Belarus Complicating the Hlybokaye Case

Andrzej Poczobut, Grodno

Based on a preliminary medical examination of the human remnants in the cellar of the Orthodox cathedral in Hlybokaye, there are reasons to believe that the victims died a violent death - writes the official daily Sovetskaya Belorussiya. This could confirm the hypothesis that the murderers were from the NKVD and the victims were Poles.

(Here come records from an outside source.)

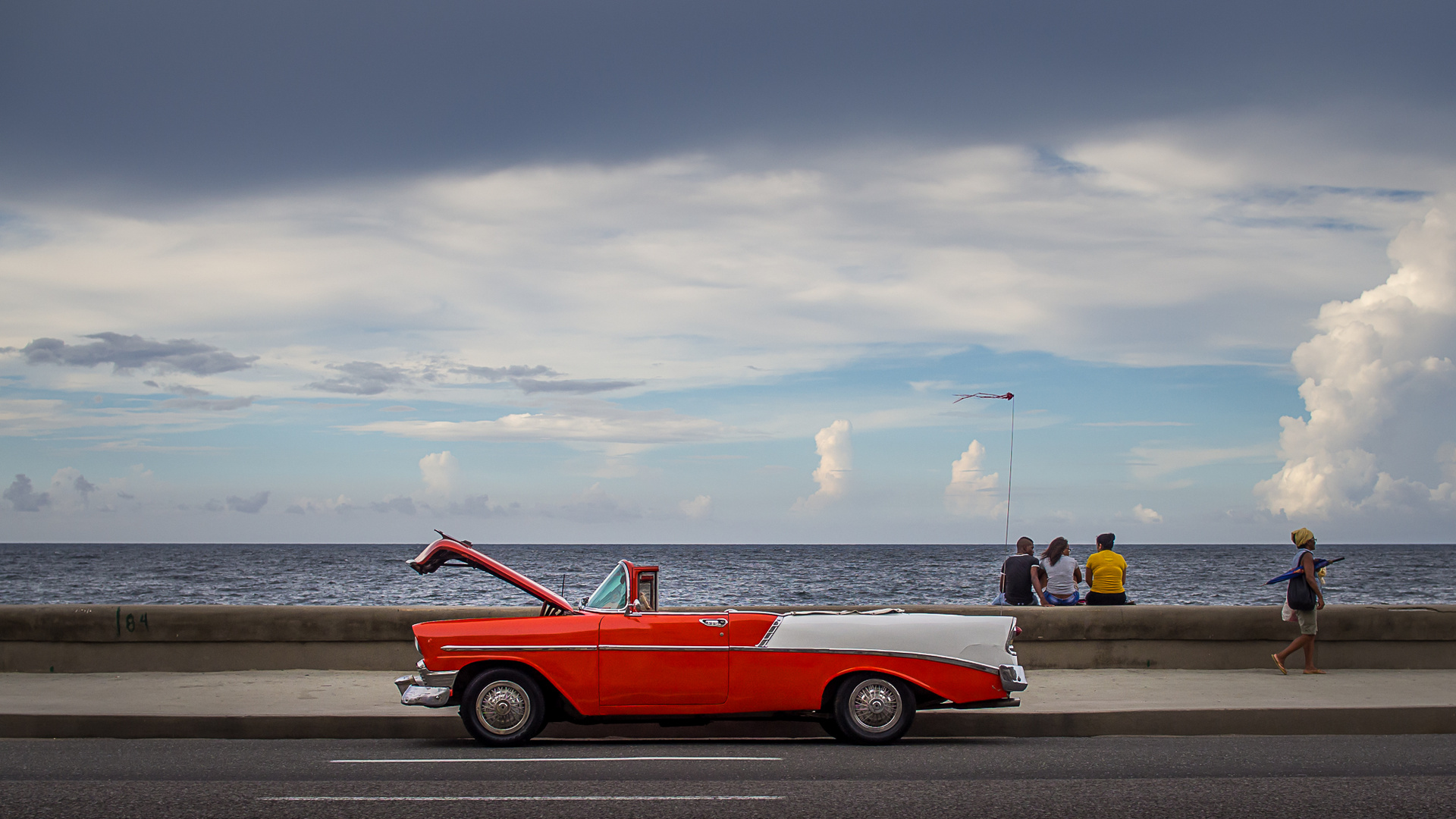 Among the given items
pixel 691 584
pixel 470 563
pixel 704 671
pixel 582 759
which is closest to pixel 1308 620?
pixel 704 671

The article in Sovetskaya Belorussiya marks an unexpected shift in Minsk's position. As recently as Friday the local prosecutor's office abandoned the version that the victims had been killed by the Nazis. It said, though, that there was no evidence to indicate violent death. In other words, that those were not NKVD victims, although it is known from elsewhere that between 1949-1941 in Hlybokaye and thereabouts special NKVD units executed Poles, such as those kept in the major prison in the nearby monastery complex in Berezvech. Among the objects found with the remnants discovered in the vaults of the Birth of the Holiest Mother of God cathedral were, for instance, a cigarette pack from Warsaw's Progress tobacco factory and fragments of a pre-1939 Polish passport.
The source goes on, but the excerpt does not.